Washing the makeup from her face, Maura gazed at herself in the mirror. The discoloration from where the inmate had punched her had faded almost to invisibility. Maura inspected the faint freckles that dusted her cheeks, the lines under her eyes that deepened every so often when she was not looking. She worked a modest amount of La Mer moisturizer into the valleys of her skin.
Maura could admit, without much embarrassment and false modesty be damned, that she was an above-average-looking woman at thirty-seven. She had started to worry in recent years about not staying as attractive as she had been in her twenties; however, the discovery of her birth mother, and how striking Hope Martin was at fifty-five, gave her increased confidence of her sex appeal for years to come.

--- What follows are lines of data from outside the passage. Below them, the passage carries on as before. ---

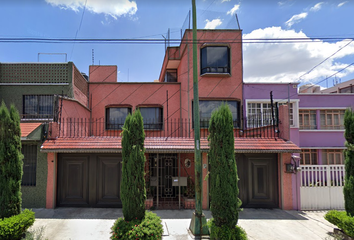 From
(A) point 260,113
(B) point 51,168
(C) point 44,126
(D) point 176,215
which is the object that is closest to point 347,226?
(D) point 176,215

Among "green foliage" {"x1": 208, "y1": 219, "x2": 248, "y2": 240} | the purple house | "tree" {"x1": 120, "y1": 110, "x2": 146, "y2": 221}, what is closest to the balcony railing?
the purple house

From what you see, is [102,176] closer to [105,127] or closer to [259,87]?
[105,127]

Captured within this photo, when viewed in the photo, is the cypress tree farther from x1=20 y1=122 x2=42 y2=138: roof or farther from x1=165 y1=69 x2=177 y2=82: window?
x1=165 y1=69 x2=177 y2=82: window

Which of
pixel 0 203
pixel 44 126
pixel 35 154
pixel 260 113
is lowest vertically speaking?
pixel 0 203

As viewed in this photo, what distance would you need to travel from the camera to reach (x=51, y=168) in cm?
938

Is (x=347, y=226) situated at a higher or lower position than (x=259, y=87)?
lower

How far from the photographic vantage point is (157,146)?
9375 mm

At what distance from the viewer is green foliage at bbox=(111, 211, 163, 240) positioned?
5809 mm

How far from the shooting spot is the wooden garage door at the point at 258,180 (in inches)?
385

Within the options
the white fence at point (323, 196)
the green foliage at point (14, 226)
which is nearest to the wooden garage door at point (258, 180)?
the white fence at point (323, 196)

On the other hand, given how "well" that aspect of my life has been going lately – With the abruptness of a roundhouse slap, Maura shut off that line of thinking, assigning it to the #boring and #depressing hashtags and filing it away…for the moment. Jane, with her strange, oxymoronic combination of circumlocution and bluntness, had more or less pinpointed the root of her problems: self-pity.

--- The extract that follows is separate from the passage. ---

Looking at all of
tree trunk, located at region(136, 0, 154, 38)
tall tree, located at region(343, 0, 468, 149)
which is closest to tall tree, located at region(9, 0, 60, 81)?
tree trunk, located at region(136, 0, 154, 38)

"A lot of people in this world, in this town," Jane had said a few nights ago, her tongue slightly loosened by an extra bottle of Spucky's, "are far less well off than you. M'not even talking just money-wise, here; most people are in a job they hate, working with people they could really do without, or have no one who they can go to bitch about All Of The Above. You, on the other hand, are doing the kind of work you do, not because you need it to pay bills and buy groceries, but because you want to make a difference. And that, my friend, is rare."
Maura smiled at her reflection in the mirror; if someone as strong and self-reliant as Jane Rizzoli could consider Maura Isles her best friend, maybe she wasn't a complete lost cause.
In her walk-in closet, that Jane had jokingly dubbed "The Vault," Maura changed into silk pajamas. She had noted absently the shower being turned off in the guest bathroom some minutes before; she hoped Jane would get to sleep all right. The sight of that van with its macabre equipment had probably stirred up bad memories for the detective. Maura considered going downstairs just to check…
…and stopped dead as she exited her closet. Jane, dressed in a baggy Red Sox jersey and loose shorts, was sitting precariously on the edge of Maura's bed, head down, clearly half-asleep. She's slept-walked up here, Maura decided. Climbing lightly on the other side of the bed, she gently pulled Jane back to lay her down.
"Wha- Um, Maura?" Jane mumbled as her eyes flickered open. "What are you – how'd I get here?" The brunette started to rouse herself.
"Shhhh, it's okay, just go to sleep."
"'kay." Jane adjusted herself to lay on her side, her back against Maura's front. Maura, at first surprised Jane would adopt such an intimate posture, draped an arm over and let it nestle beside delicious curves. She felt Jane's breathing slow, her own tension draining out of her body like warm oil. She felt an urge to nuzzle Jane's neck and freshly-washed hair, her eyes raising open halfway as she recognized the incongruity of the impulse. What was she feeling? Why was she feeling it?
"M'ra?" Jane's question seemed to come down the long dark tunnel of sleep.
"Yeah?"
"…love you." Jane spooned even closer towards Maura as she fell completely asleep.
Maura's breath caught in her throat, and she wasn't even sure why. "I…I love you, too."